_What is being asked:_ From the line with "미래산업의 기술력 선보인 일렉스 코리아 2026" through the line with "Mitsubishi Eclipse Cross ES 2019", repeat the entries verbatim, both end lines included, and add nothing.

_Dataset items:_
******************************
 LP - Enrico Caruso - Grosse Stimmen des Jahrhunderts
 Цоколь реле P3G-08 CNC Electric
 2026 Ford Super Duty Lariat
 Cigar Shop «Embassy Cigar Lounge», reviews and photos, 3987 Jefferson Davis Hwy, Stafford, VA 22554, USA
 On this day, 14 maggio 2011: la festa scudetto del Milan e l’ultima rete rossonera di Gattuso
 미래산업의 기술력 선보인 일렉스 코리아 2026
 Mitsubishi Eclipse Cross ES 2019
******************************
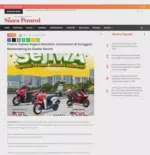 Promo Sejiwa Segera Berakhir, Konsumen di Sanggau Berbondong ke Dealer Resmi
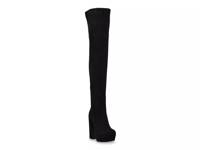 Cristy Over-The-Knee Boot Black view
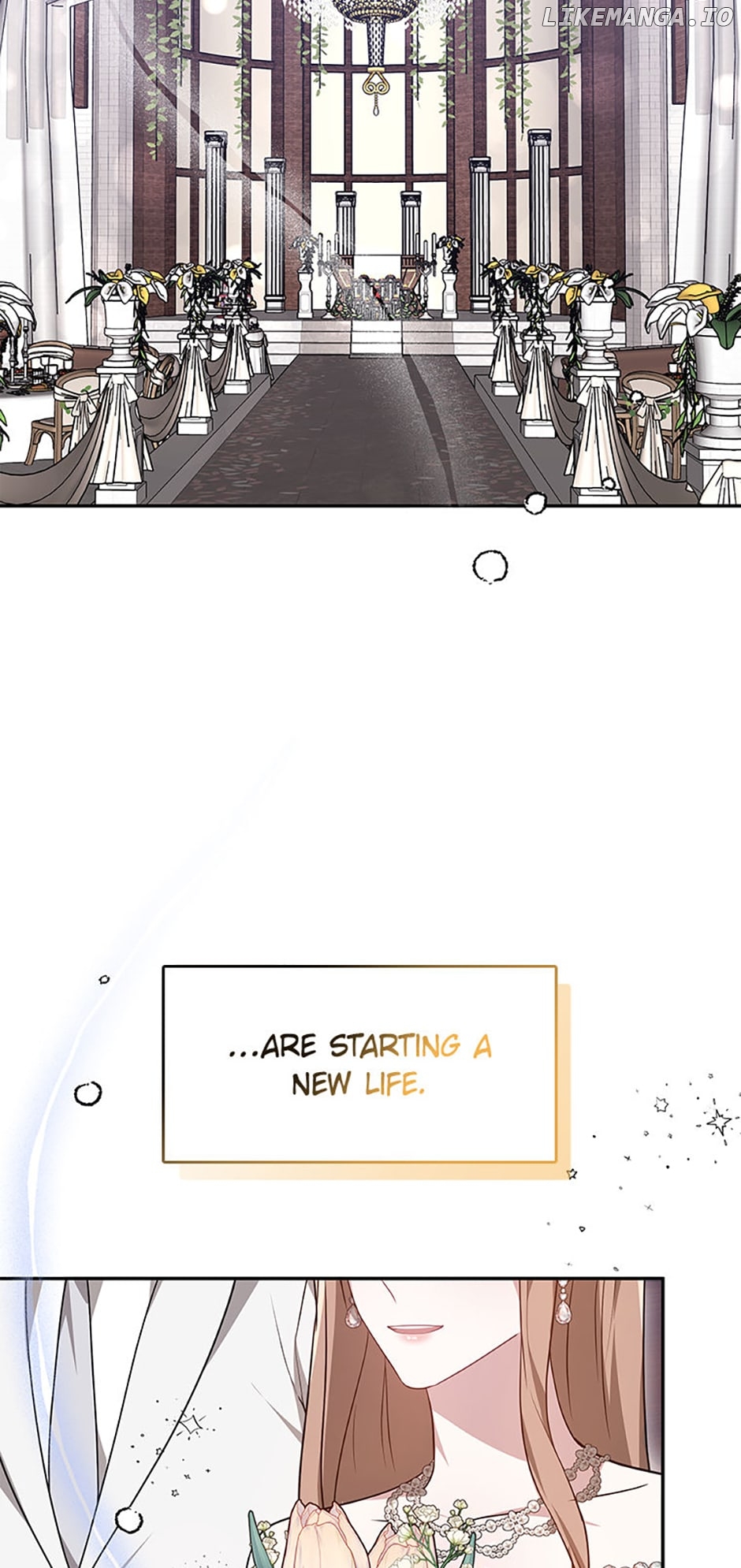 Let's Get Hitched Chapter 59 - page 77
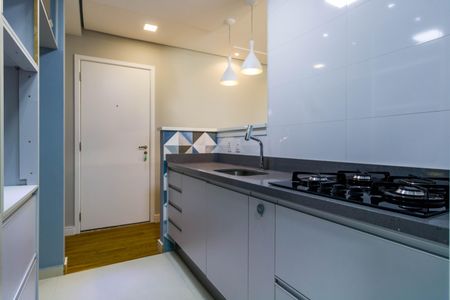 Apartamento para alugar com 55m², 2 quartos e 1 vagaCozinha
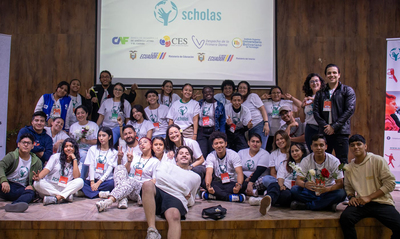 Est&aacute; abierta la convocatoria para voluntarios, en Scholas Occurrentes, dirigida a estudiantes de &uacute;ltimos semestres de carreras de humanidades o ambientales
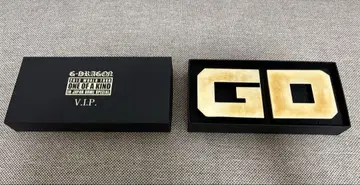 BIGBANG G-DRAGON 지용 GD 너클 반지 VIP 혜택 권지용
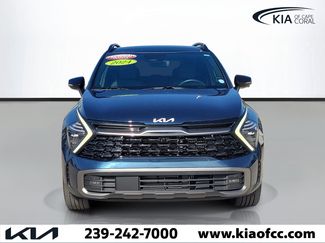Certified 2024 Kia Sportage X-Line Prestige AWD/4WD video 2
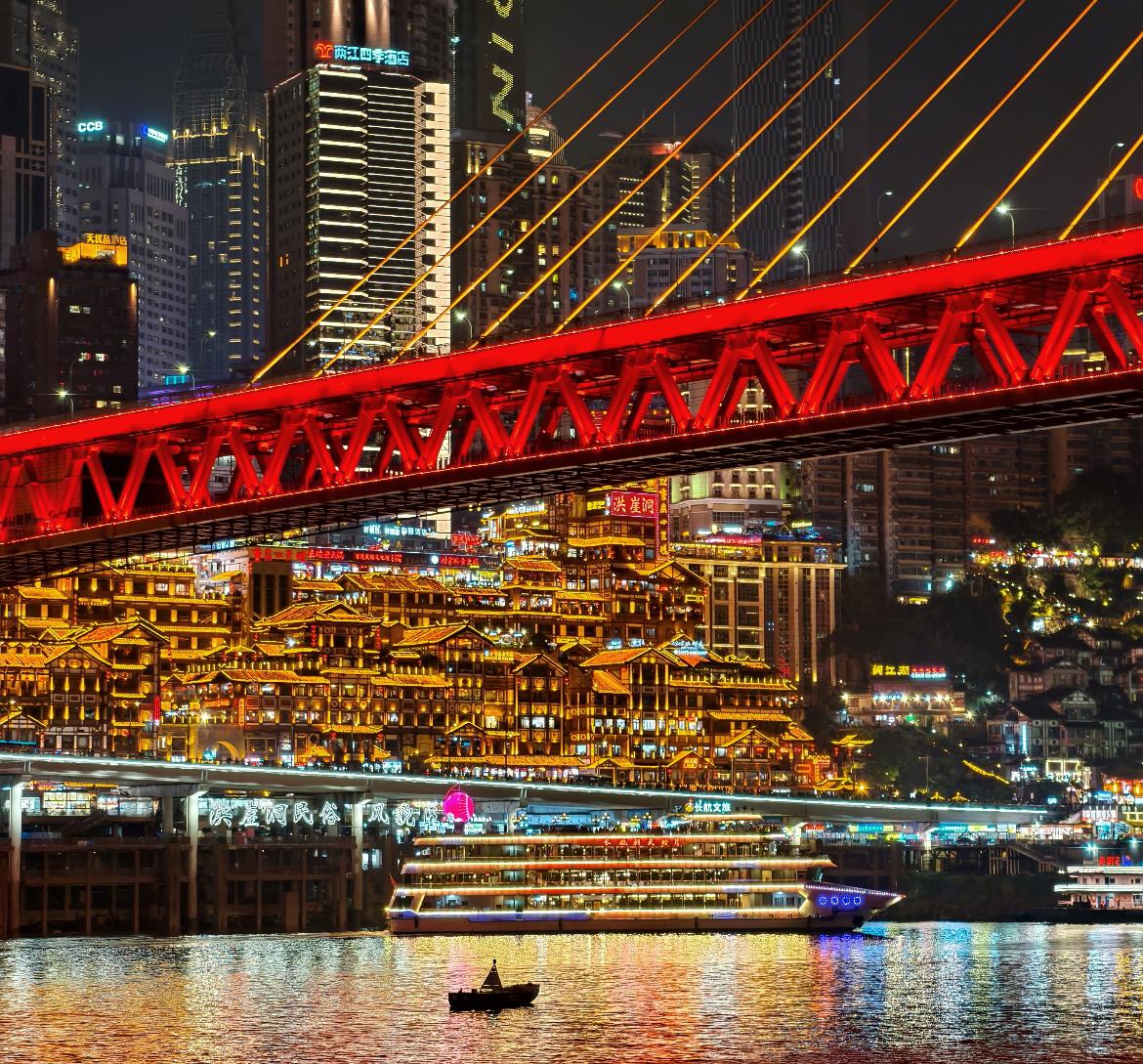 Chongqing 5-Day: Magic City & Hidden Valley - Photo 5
******************************
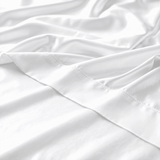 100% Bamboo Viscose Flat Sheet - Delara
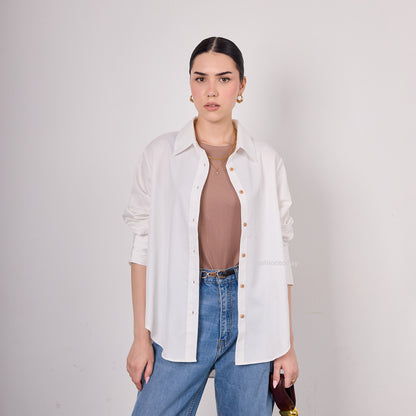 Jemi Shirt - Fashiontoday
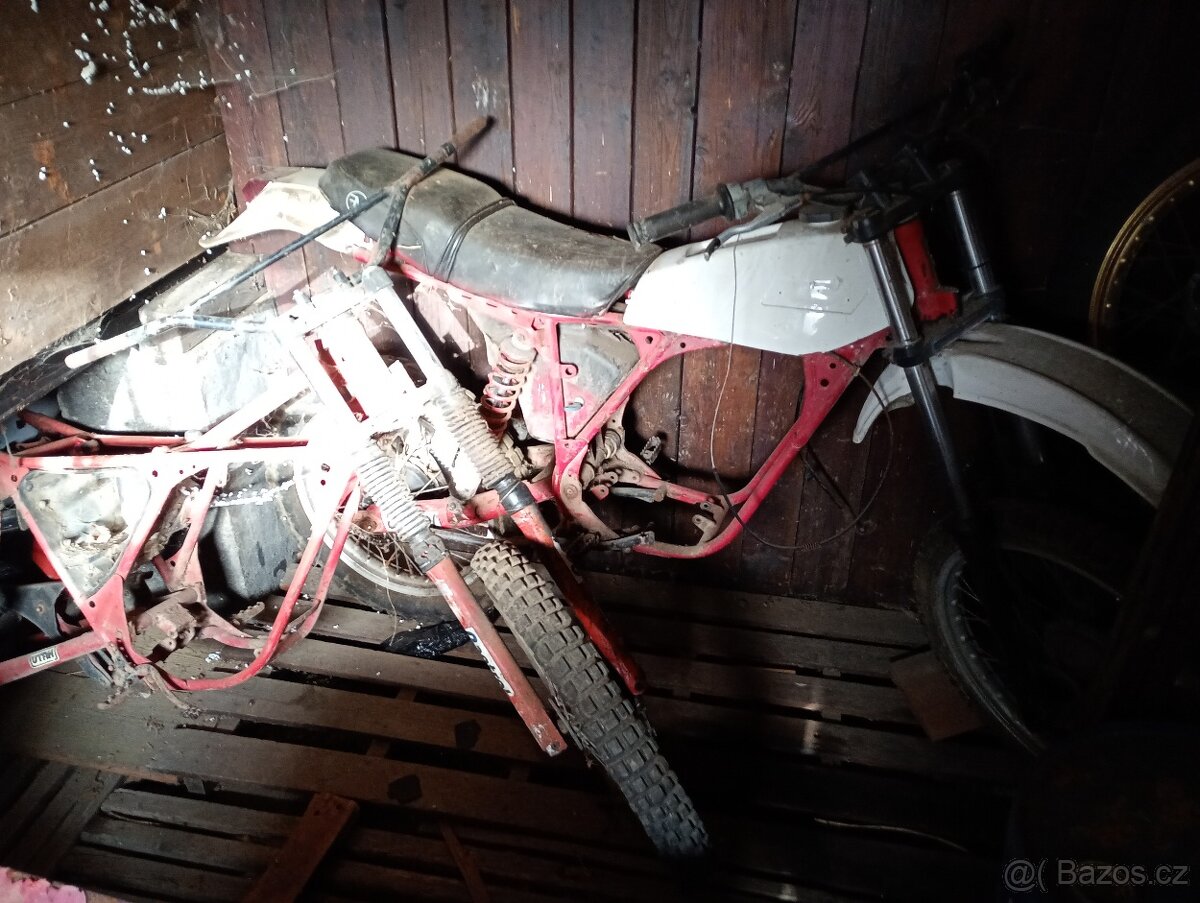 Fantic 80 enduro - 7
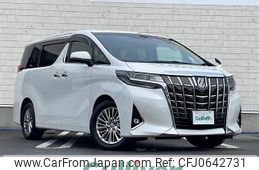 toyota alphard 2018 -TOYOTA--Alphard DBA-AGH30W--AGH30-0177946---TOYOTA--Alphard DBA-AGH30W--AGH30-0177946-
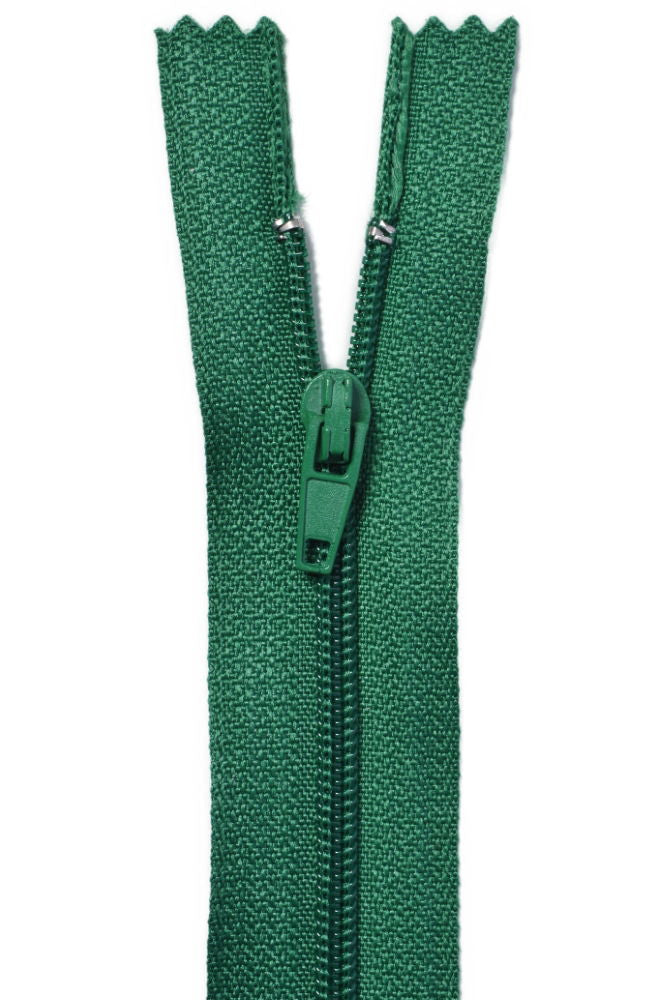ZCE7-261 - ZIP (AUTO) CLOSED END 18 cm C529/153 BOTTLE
******************************
_Written response:_
 미래산업의 기술력 선보인 일렉스 코리아 2026
 Mitsubishi Eclipse Cross ES 2019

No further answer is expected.